A new development in the ongoing fight between the city of Miami and Airbnb has both sides claiming victory.
The Third District Court of Appeals ruling on Wednesday overturned a lower court injunction that prevented the city from enacting new regulations clamping down on short-term rentals in single-family neighborhoods.
In a statement, Miami Mayor Francis Suarez said the city is pleased with the decision, which allows code enforcement officers to begin investigating and issuing fines to property owners who offer homes and rooms for rent on Airbnb and other home-sharing platforms under a resolution approved by the city commission in 2017.
The decision “opens the door for us to join the conversation on how to best regulate home sharing to benefit Miamians,” Suarez said.
Yet, Airbnb’s Florida policy director Tom Martinelli claims the appeals court affirmed the legality of home sharing in Miami, while vindicating home-sharing hosts “who stood up for their and others’ rights.”

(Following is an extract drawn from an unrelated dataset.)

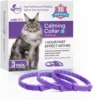 Pet Calming Collar For Cats Dogs Adjustable Anxiety Pheromone Reducing Pet Collar Lasting Natural Calm Relax Soothing Collars 2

“With the Court’s guidance now in hand, we hope to open a good faith conversation with the City and work together on smart, thoughtful short-term regulations for Miami,” Martinelli added.
In April 2017, Airbnb and five Miami property owners sued the city to stop a ban on short-term rentals and the targeting of Airbnb hosts who publicly identified themselves at the city commission meeting when the measure was approved. Represented by Mitchell Berger, a Fort Lauderdale-based constitutional lawyer who became famous as one of the lead lawyers for Al Gore in the 2000 presidential recount, Airbnb and the five plaintiffs were granted a temporary injunction by Miami-Dade Circuit Court Judge Beatrice Butchko.
According to the lawsuit, a state law passed in 2011 prohibits cities and counties from enacting ordinances that ban or unduly regulate vacation rentals. Under pressure from the hotel industry, then-Miami Mayor Tomas Regalado and then-City Manager Daniel Alfonso ignored state law and without legal authority began prohibiting vacation rental, the lawsuit alleges. The complaint also alleged that the city’s existing zoning code, Miami 21, could not preempt state law.
The Third District Court of Appeals, minus one dissenting judge, disagreed and ruled that Butchko’s injunction is “overbroad.”
Airbnb may have an easier time working with Suarez, who cast one of the two “no” votes against the short-term rental ban in March 2017. At the time, he said some residents in his district were Airbnb hosts and relied on the extra income to help pay their mortgages. Suarez also said his office had not received any Airbnb-related complaints.